Take for example, ‘time and motions’ analysis, the marshalling and deployment of resources – which is being rapidly replaced with AI allocating assets and scheduling teams, dynamically matching skills with tasks and resources. Shift up an evolutionary gear, and AI will soon be hypothesis testing to support innovation and strategic development.
Is the writing on the wall for human work and has the long heralded ‘age of leisure’ finally arrived? Will we all be donning our pin-neat Lacoste tracksuits while pursuing hobbies and sports all day long; or in the dystopian future will AI lead to mass unemployment?
It turns out to be rather more complex than that. The recent use of AI in the aerospace industry shows this complexity. Twenty years ago the received wisdom was that computational fluid dynamics (CFD) would replace wind tunnels and therefore the skilled teams which supported their operation. Today, CFD is setting the pace for the evolution of wind tunnels—not diminishing their role, and the skilled men and women operating these critical facilities still have worthwhile careers to pursue.

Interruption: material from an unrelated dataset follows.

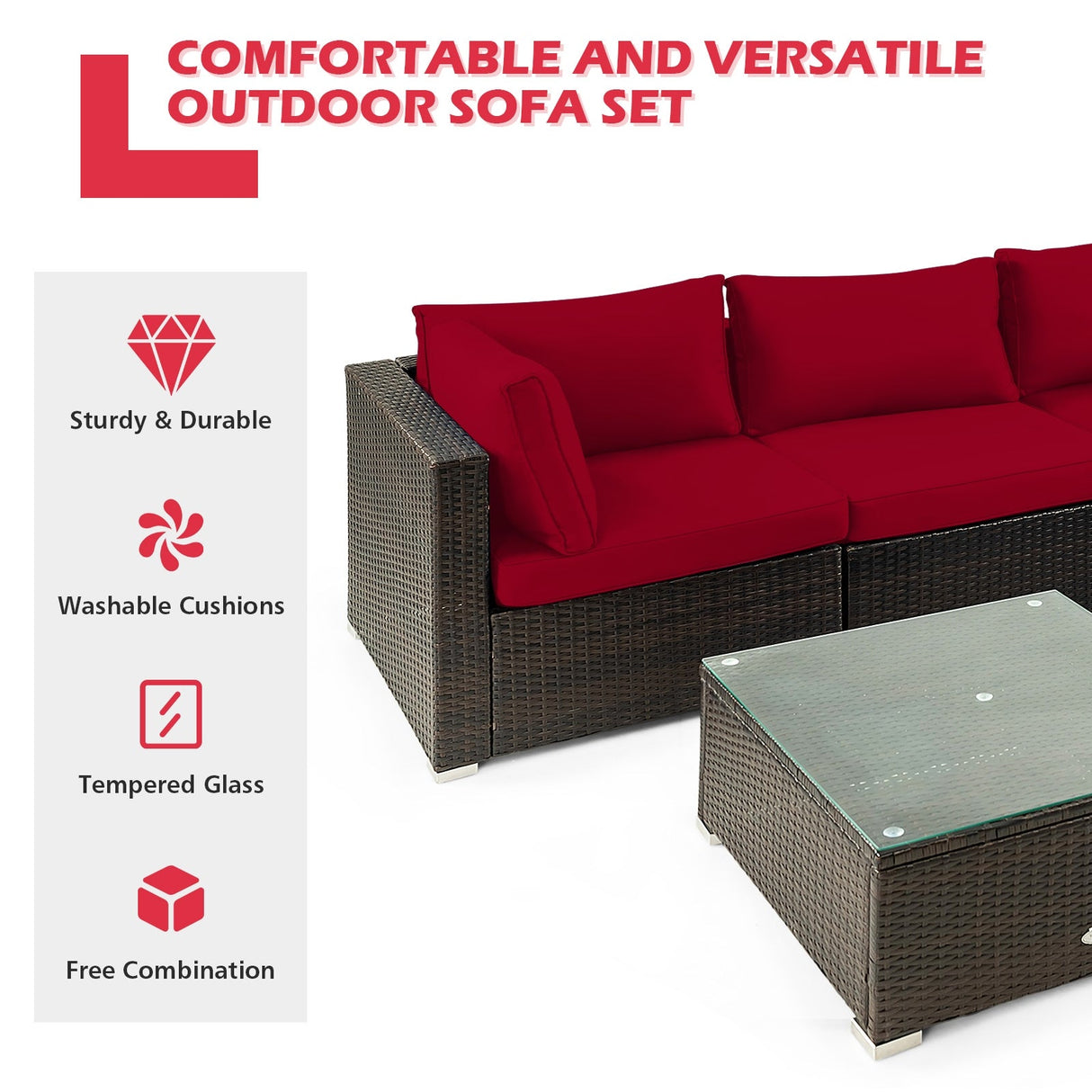 Juego de muebles de patio de ratán acolchados de 5 piezas con mesa de cristal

What is happening here is that advanced computer technology is being used to augment existing engineering – win-win for both man and machine. What is also clear is that rule-bound AI doesn’t cope all that well with the unexpected such as a systems failure emergency. At these crucial moments highly experienced professionals – well educated, well-trained humans – still need to step in when these events occur.
But there is no doubt that many of us worry about the impact of AI on our lives and particularly on our work. In a sense this is a haunting which originates from a techno geek’s view of the world. We look through the eyes of the wizards of ‘Silicons’ Valley, Glen and Fen who survey the future through their own lens of hard technological determinism. So what we are left with is the notion that somehow technology just develops and we humans have little impact on the velocity or speed of this development.
I believe there are fundamental problems with this dystopian view.
It is essentially myopic – this single lens perspective leaves a great deal of the real story untold. By contrast, five hundred years ago Thomas More wrote Utopia in which he described an imagined island community. He described their practices of engagement and marriage, their celebrations of life and death, and their laws and ways of living. His was a much richer and interesting view of the future.
It is also essentially masculine – it leaves women and the lives of women out of the narrative. Well not quite – would the technology films Ex Machina or Her work if the robot or operating system was a man? But in the main, this obsession with a future driven by pervasive and frequently rogue AI, casts women in a certain blow-dried and supplicant role.
And it is profoundly ambivalent about time. And here is the paradox: most machines are there to provide us with the gift of time – and yet these very technologies rob us of our gift of time. Is the future really 300 emails a day, and is the only way out of this a cleverer machine?
The result of this dystopian view is that it removes or negates human resolve. Rather than imagining we humans are the central players in this vision of the future, we are instead assigned a walk on part unable to make our needs and hopes and aspirations felt. We see ourselves as hostages to the machines and so we focus on what we have lost (jobs, peace of mind) rather than what we could gain in the future.
It also reduces the big questions. As we try to frame the future and prepare for it, it seems to me that Thomas More was right – the big questions are about how we want to live with each other, what our communities could look like, what it is we value, how we might think about what we want to tell our children. Surely our questions about the future should centre as much on this as on technology?
In a world where technology has reduced some of our more onerous tasks (imagine life without a washing machine) our conversations should be about what makes us more human – how the future could be more about creativity, innovation, intuition.
Perhaps now, in the decade of the anniversary of More’s Utopia, it is time to re-imagine our future in its totality, embracing families and communities, work and rituals?